→ Material for this exercise:
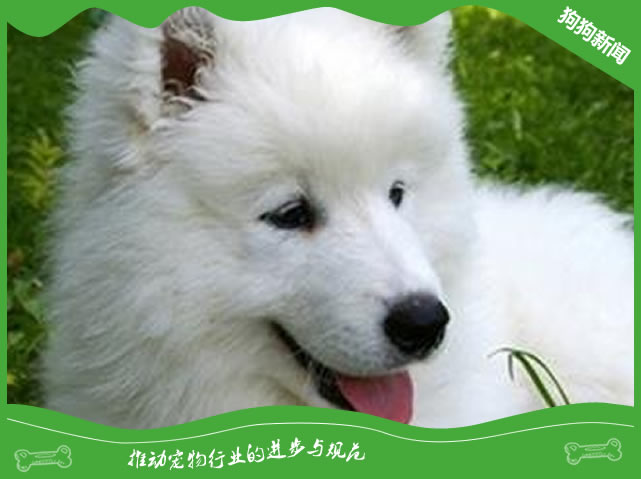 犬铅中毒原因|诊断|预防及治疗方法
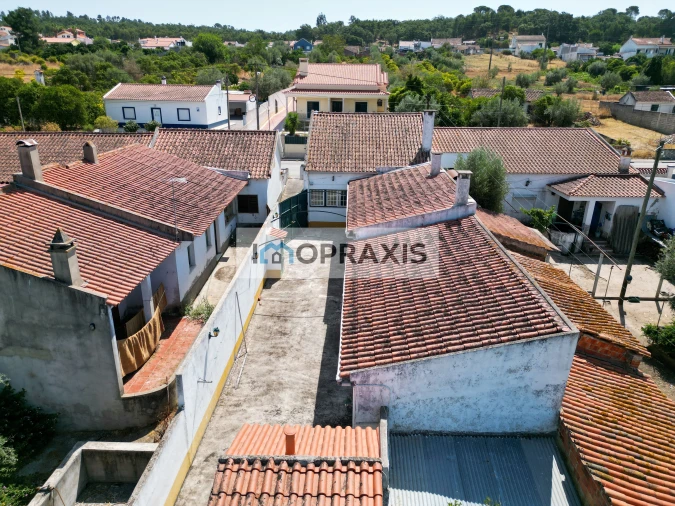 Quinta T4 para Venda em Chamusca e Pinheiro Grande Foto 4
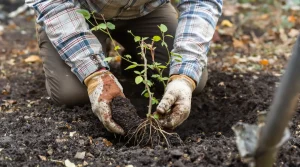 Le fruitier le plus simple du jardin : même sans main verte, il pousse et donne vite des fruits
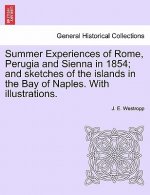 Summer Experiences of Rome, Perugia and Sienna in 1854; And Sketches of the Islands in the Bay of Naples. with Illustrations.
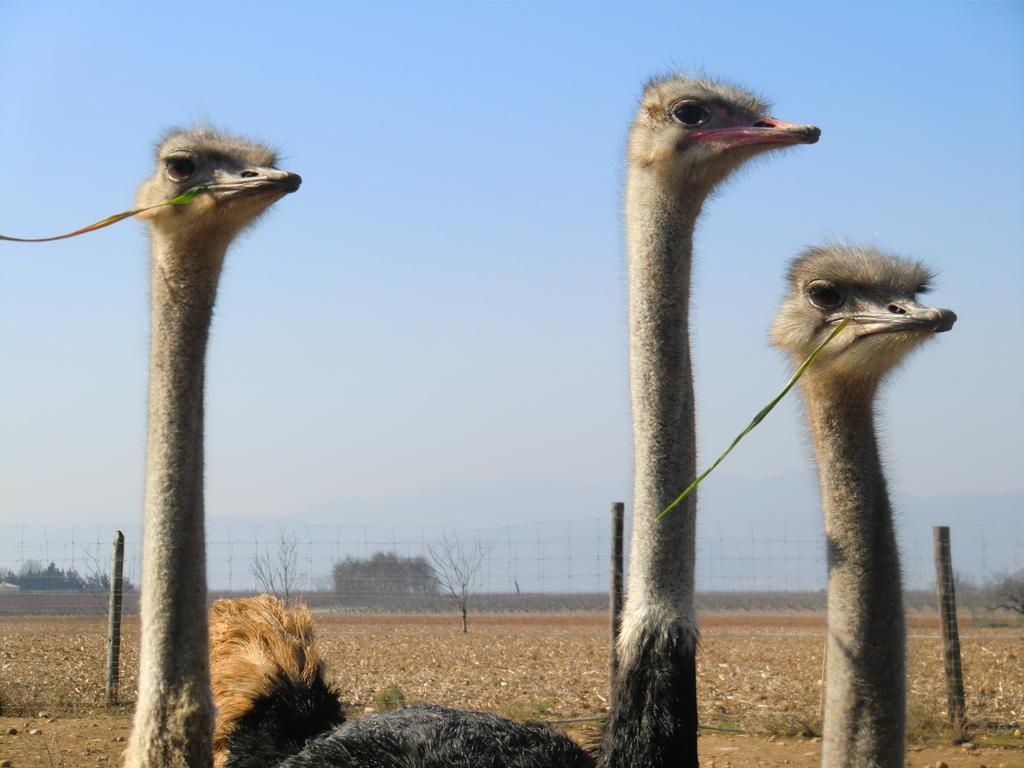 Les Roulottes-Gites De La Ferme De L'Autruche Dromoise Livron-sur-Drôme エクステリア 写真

* * *

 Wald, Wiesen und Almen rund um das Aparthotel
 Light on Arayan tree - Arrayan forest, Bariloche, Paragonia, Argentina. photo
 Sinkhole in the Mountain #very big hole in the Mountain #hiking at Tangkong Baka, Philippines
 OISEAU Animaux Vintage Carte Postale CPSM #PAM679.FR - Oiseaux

→ Your instructions:
Return only the part of the records above that opens with the line containing "Sinkhole in the" and closes with the line containing "OISEAU Animaux Vintage", ends included.

→ Exercise solution:
 Sinkhole in the Mountain #very big hole in the Mountain #hiking at Tangkong Baka, Philippines
 OISEAU Animaux Vintage Carte Postale CPSM #PAM679.FR - Oiseaux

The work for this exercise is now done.